- [Problem to work on] Reproduce the data below in full and to the letter, images excepted.

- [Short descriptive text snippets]
"""
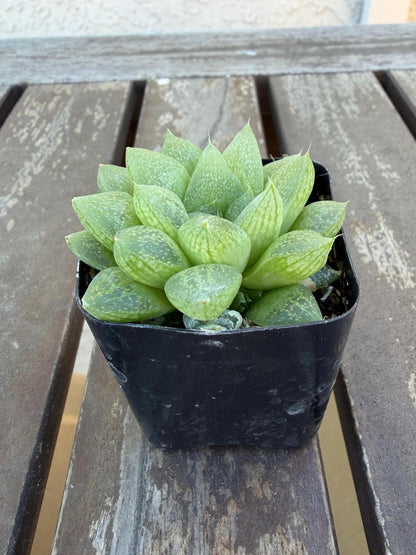 Haworthia turgida var. pallidifolia 2" | Rare Transparent Succulent | Live Indoor Plant | Easy Care Windowed Haworthia | Drought‑Tolerant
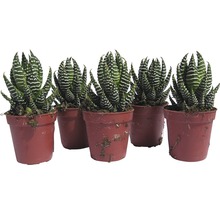 Päť sukulentov Haworthia zebra v kvetináčoch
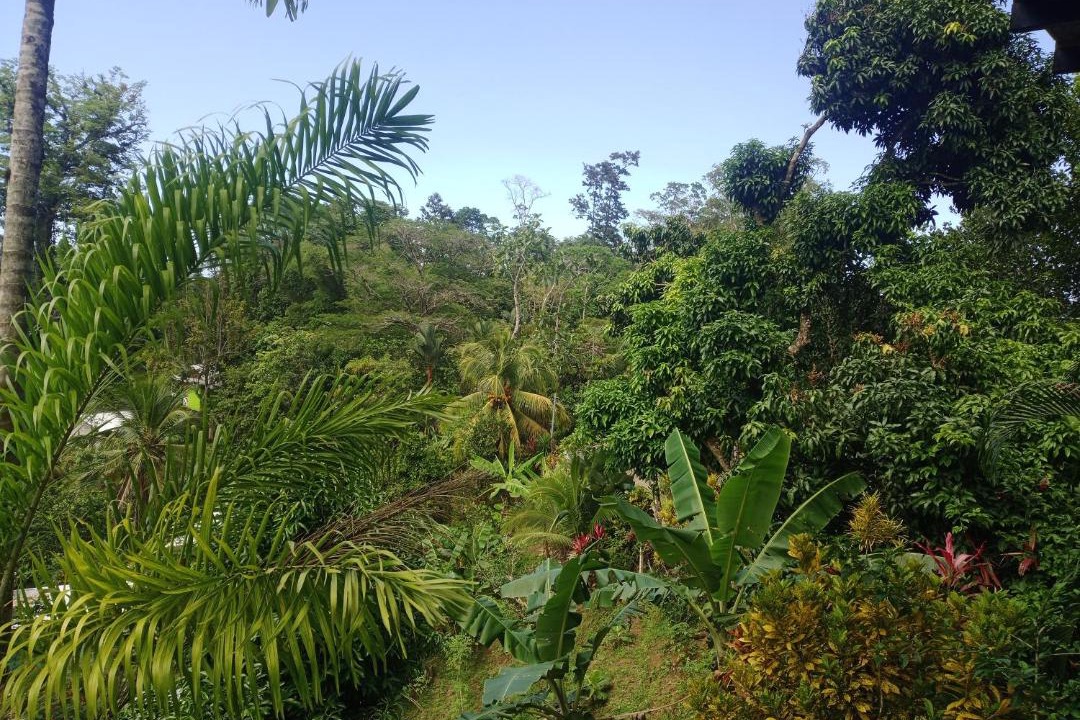 Photo of Others in Puerto Viejo de Talamanca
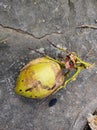 Coconuts on the floor after plucking from the tree Royalty Free Stock Photo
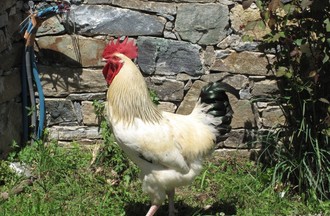 Saintimania 2012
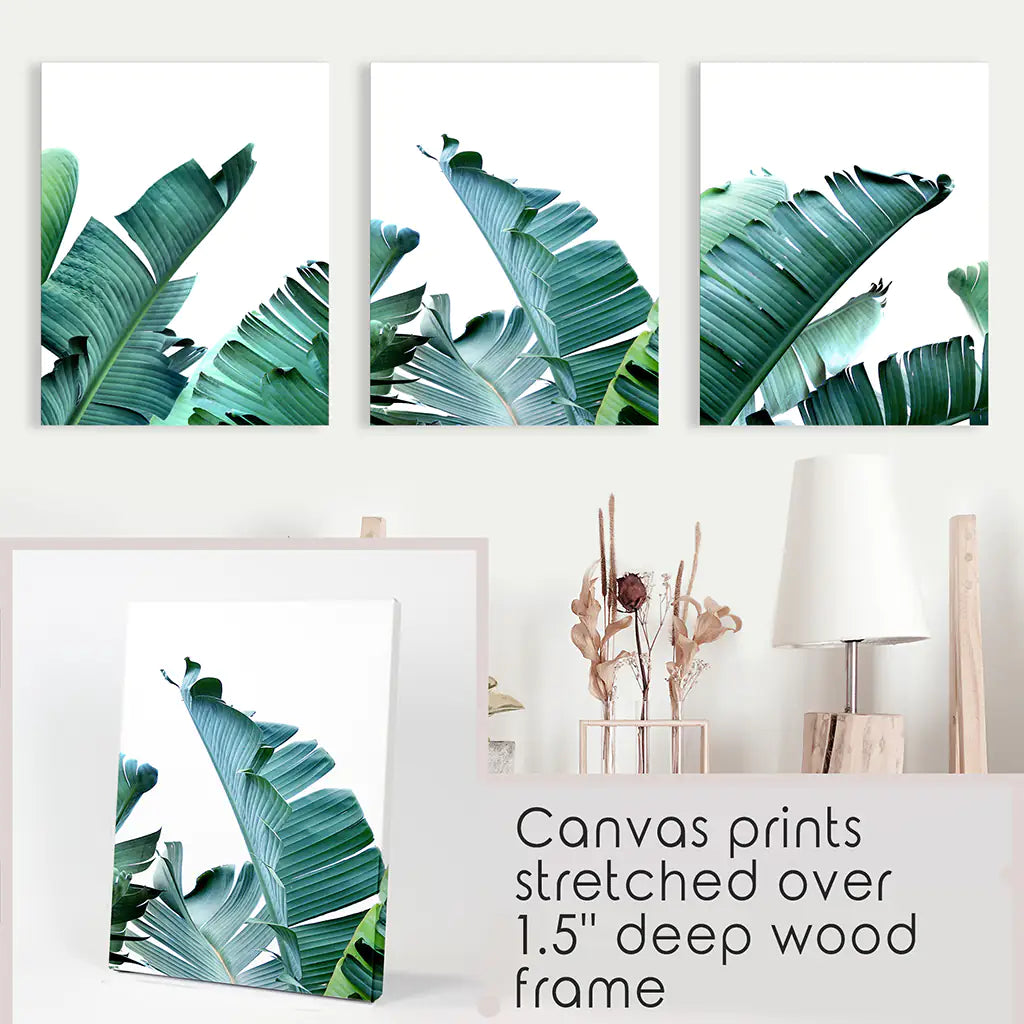 Green Banana Leaves 3 Piece Set. Tropical Wall Art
"""
- [Task output]
 Haworthia turgida var. pallidifolia 2" | Rare Transparent Succulent | Live Indoor Plant | Easy Care Windowed Haworthia | Drought‑Tolerant
 Päť sukulentov Haworthia zebra v kvetináčoch
 Photo of Others in Puerto Viejo de Talamanca
 Coconuts on the floor after plucking from the tree Royalty Free Stock Photo
 Saintimania 2012
 Green Banana Leaves 3 Piece Set. Tropical Wall Art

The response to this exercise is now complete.